Well, need I say more?

Scott Wigginton
03-30-2009, 7:16 AM
Scott, obviously at this point you will NEED a new set of Blue Spruce dovetail chisels in order to appreciate full performance from that new saw:D I mean, it's like having a new tablesaw without a blade, or a new router and no bits - you get the picture. And, you will need a new plane to smooth out those dovetails. And, then.....

Well, need I say more?

John, I at least have to make the effort to sharpen up my Marples before digging my hole any deeper ;)

Not gonna be an easy sell trying to spend as much $$ on one 1/8" Blue Spruce as I did for my entire Marples set :eek:

Tony Zaffuto
03-30-2009, 9:11 AM
Why are you calling the "Side of Truth and Justice" the dark side? Just kidding, as many of us have shops that use both hand and (some) electrons.

T.Z.

David Keller NC
03-30-2009, 9:26 AM
Scott - Welcome to the slippery slope. I spent roughly 12 hours this weekend hand-dovetailing an eastern white pine chest for some molding planes that I could've cranked out in a couple of hours with table-saw produced rabbets and glue. Crazy, no?

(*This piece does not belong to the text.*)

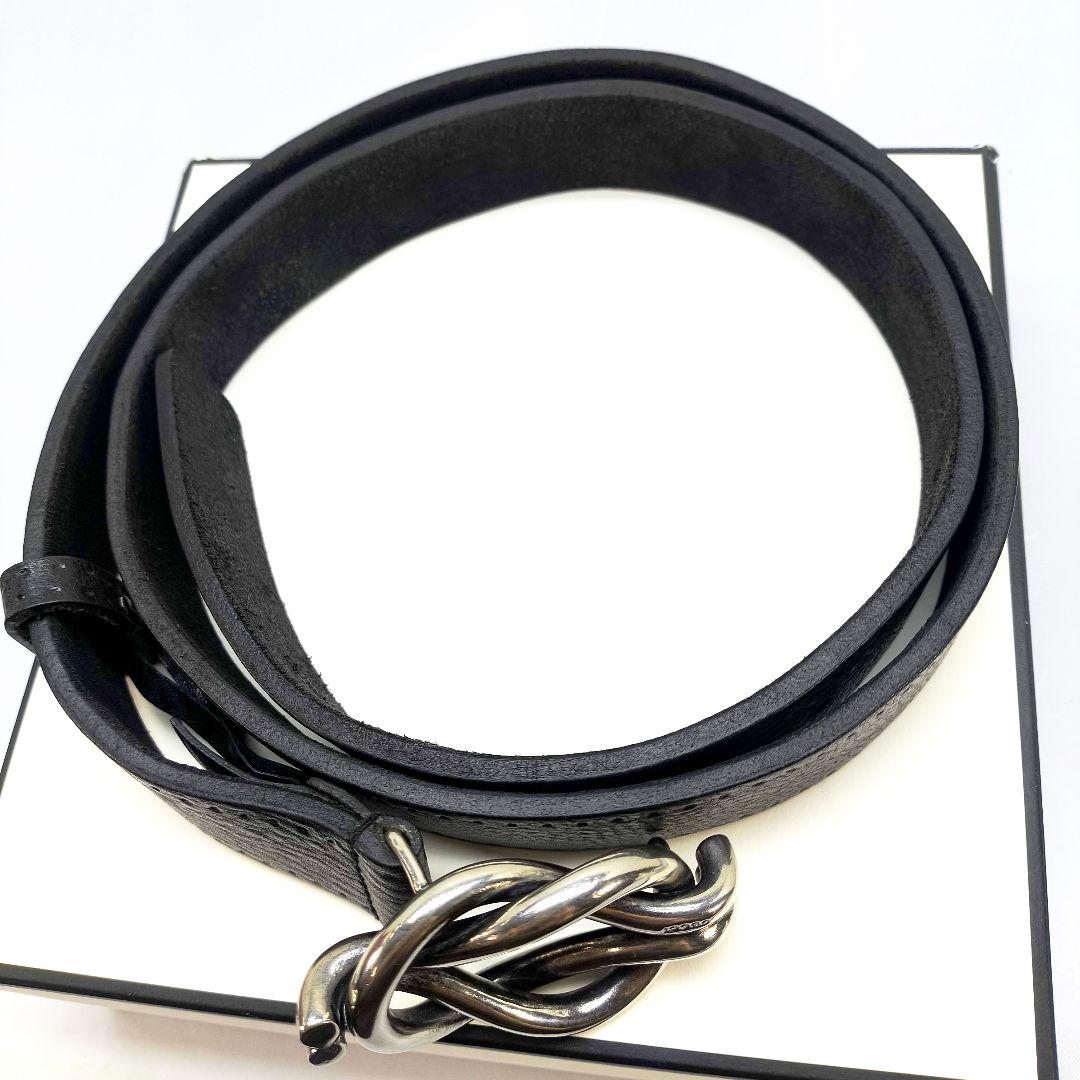 美品 グッチ メンズ ベルト 100 GUCCI 163502 ブラック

A comment about using your new saw, though - if you're new to hand-cut dovetails and are building your skills, oak is not a terribly good practice wood. While cheap, it splits/splinters easily, is relatively hard (and so harder to saw - there's no reason to make it harder than it has to be when you're starting out), and the grain structure makes it more difficult to see knifed lines.

For practice purposes, eastern white pine or poplar from one of the home improvement centers is a much easier route to learning to hand-cut dovetails.

Scott Wigginton
03-30-2009, 10:19 AM
David, I'll be using poplar for the girls' beds & drawers so that'll be my primary test wood.

The red oak was just a short I grabbed outta my scrap bucket.

Dan Sink
03-30-2009, 5:24 PM
Beautiful tool. I am glad you are doing a project that will give you lots of god practice. Welcome to the shadow world.

Brian

I agree with Brian that God is surely a neanderthal woodworker. The neaderthal way will get you to heaven. Well, that or two out base hits.

Mark Singer
03-30-2009, 11:49 PM
Good move to our side. Hand joinery will greatly elevate a woodworkers skills and the final work. With time you can choose the joint you want to use and not the one you know how to make. Its like a Picasso sketch compare with a drawing made by a computer and printer.....in one small word... "art "

David Gendron
03-31-2009, 11:50 PM
Scott, If I can give you a little advice with your new saw(I have the same)Use wax(parafin wax is good) on the blade, it make it cut more smoothly! I use past bees wax, that I also use on the bottom of my planes, it work realy well!
Practice makes good!
David

Scott Wigginton
04-01-2009, 7:58 AM
Scott, If I can give you a little advice with your new saw(I have the same)Use wax(parafin wax is good) on the blade, it make it cut more smoothly! I use past bees wax, that I also use on the bottom of my planes, it work realy well!
Practice makes good!
David

David, I buffed on some Minwax Paste Finishing wax (not sure if this is parrafin or bees or something else)

Is a 4" extra slim taper file all I need to get started sharpening?

I hand file my chainsaw regularly when in use (tho not exactly precision work) and have an old cheap backsaw I can get some good practice on before this one needs it.

Thanks

David Gendron
04-01-2009, 12:16 PM
I try to sharpen a panel saw once and did an ok job even if as an arborist I had my share of chain saw sharpening and I think it is a lot different. For a good saw, I almost rather sending it out to sharppen. At least to get the right tooth shape to start with...
I had a saw resharpen by Mark at Thechno primitive and it's amazing how is the difference compare to the one I did sharpen... How ever I want to learn and get better!
David

Zahid Naqvi
04-01-2009, 2:40 PM
Dark side? what dark side? this is the bright side my friend, wait till you see the other side :eek:

Welcome to the club, you will enjoy the tools the more you use them.